* [Your assignment] Starting with the line with "backyard patio installation" in the entries below and going on through the line with "惊! 高层公寓突发大火 居民从23楼光身逃命", output every line exactly and nothing more. No pictures.
[Records provided Boundary: Start]
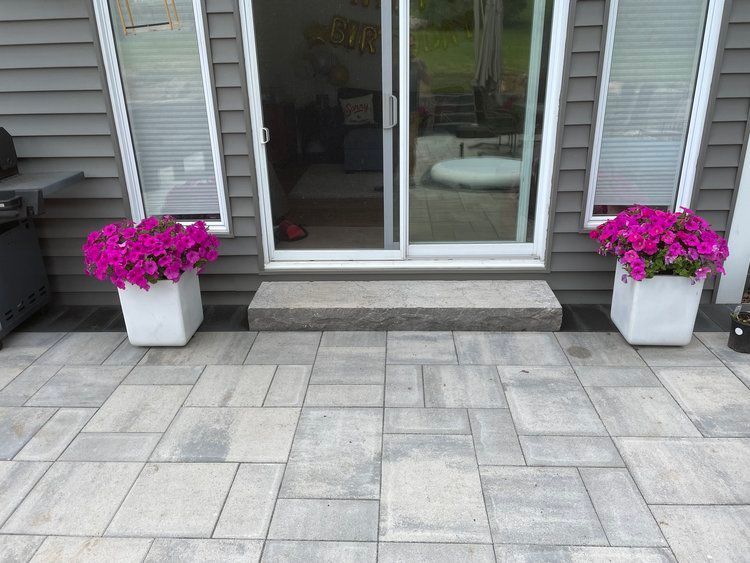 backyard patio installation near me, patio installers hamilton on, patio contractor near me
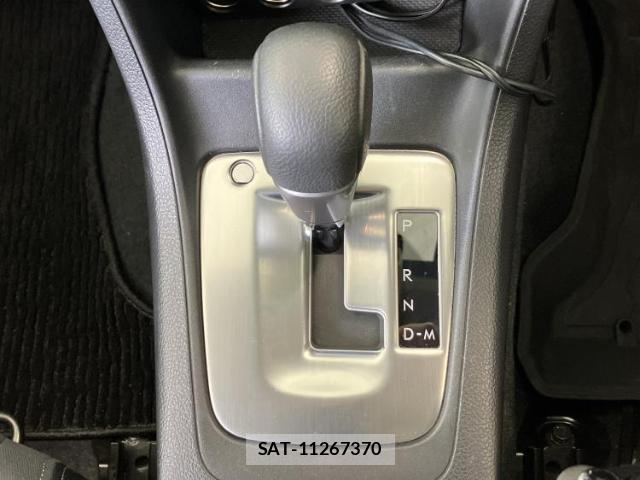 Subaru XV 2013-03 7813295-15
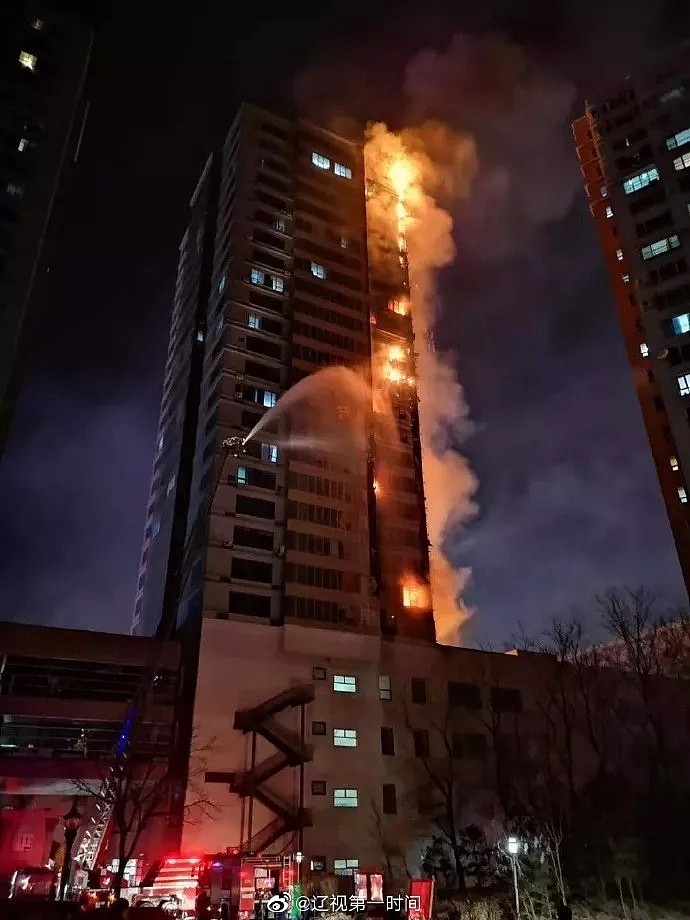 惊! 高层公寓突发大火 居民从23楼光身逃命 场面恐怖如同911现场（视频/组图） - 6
[Records provided Boundary: End]
[Records provided Boundary: Start]
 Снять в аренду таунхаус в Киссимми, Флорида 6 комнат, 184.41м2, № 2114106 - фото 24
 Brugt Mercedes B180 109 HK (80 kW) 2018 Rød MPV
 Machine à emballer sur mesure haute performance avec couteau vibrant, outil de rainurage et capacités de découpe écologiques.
[Records provided Boundary: End]
* [Finished task]
 backyard patio installation near me, patio installers hamilton on, patio contractor near me
 Subaru XV 2013-03 7813295-15
 惊! 高层公寓突发大火 居民从23楼光身逃命 场面恐怖如同911现场（视频/组图） - 6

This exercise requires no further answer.